The commands in VPCS are mostly self-explanatory, but I’ll cover a couple of them here to get you started. To see a full list of supported commands, you can enter a question mark, ?. To display the configuration of your hosts, you can enter the show command. To display the parameters for a specific command, enter the command name followed by a question mark. For example, entering ping ? would display all the options of the ping command.
After launching VPCS, you need to configure the host for use with GNS3. Typically, this only requires setting the IP address, subnet mask, and gateway address.
VPCS supports IPv4 and IPv6 addressing. You can manually configure an IP address or acquire one automatically if a Dynamic Host Configuration Protocol (DHCP) server is running in your GNS3 project. To manually configure an IPv4 address, you would enter ip-address mask gateway. The following example sets an IPv4 address to 192.168.1.50 using a subnet mask of 255.255.255.0 and sets the default gateway to 192.168.1.1:
PC1> ip 192.168.1.50 255.255.255.0 192.168.1.1You can enter the same IPv4 address using Classless Inter-Domain Routing (CIDR) notation in place of a standard subnet mask, as shown here:
PC1> ip 192.168.1.50 /24 192.168.1.1To manually configure an IPv6 address, enter the ip command followed by a valid IPv6 address and mask. The following example sets the IPv6 address to 2014:12:1a::50 using a 64-bit subnet mask:
PC1> ip 2014:12:1a::50 /64To configure a host automatically using DHCP, enter the dhcp command for each host that requires an address, as in this example:
PC1> dhcpUse the save command to save your VPCS settings with your GNS3 project.
PC1> save
. doneThe settings will be saved in the GNS3 projects folder under GNS3/projects/<project_name>/project-files/vpcs/<vpcs_uuid>. Later, when you load your GNS3 project, the configuration settings will automatically be applied to the host.
To test VPCS, create a project using a VPCS host node and link it to some other device, like a router. Assign an IP address to your VPCS host and the other device, and then use ping or trace to test connectivity. If all goes well, you should receive a reply like the one in this example:
PC1> ping 192.168.1.1
192.168.1.1 icmp_seq=1 ttl=255 time=35.821 msAfter successfully pinging devices, you can examine the ARP cache (MAC address to IP table) using the arp command, as in the following:
PC1> arp
cc:00:05:a9:00:00 192.168.1.1 expires in 114 secondsIf a ping is unsuccessful, VPCS displays a “host not reachable” message:
PC1> ping 192.168.1.1
host (192.168.1.1) not reachableYou can troubleshoot this by verifying that your router interfaces are up in GNS3 and checking that all the IP addresses and subnet masks have been correctly assigned.

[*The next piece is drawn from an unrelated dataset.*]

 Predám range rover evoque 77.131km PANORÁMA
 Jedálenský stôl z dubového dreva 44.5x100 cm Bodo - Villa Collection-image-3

Another cause may be your PC’s firewall settings, especially if you’re using a Windows PC. In general, disabling your firewall entirely while working with GNS3 is a good idea and might resolve this and other issues.
VPCS is a great tool for adding simple hosts to GNS3 and testing connectivity, but sometimes you need a host that’s running a real operating system rather than a simulated one. This is where VirtualBox comes in. VirtualBox can run most PC-based operating systems, including Windows, Linux, FreeBSD, and others. It’s also useful for running network operating systems such as Arista vEOS, Juniper Firefly, and NX-OSv.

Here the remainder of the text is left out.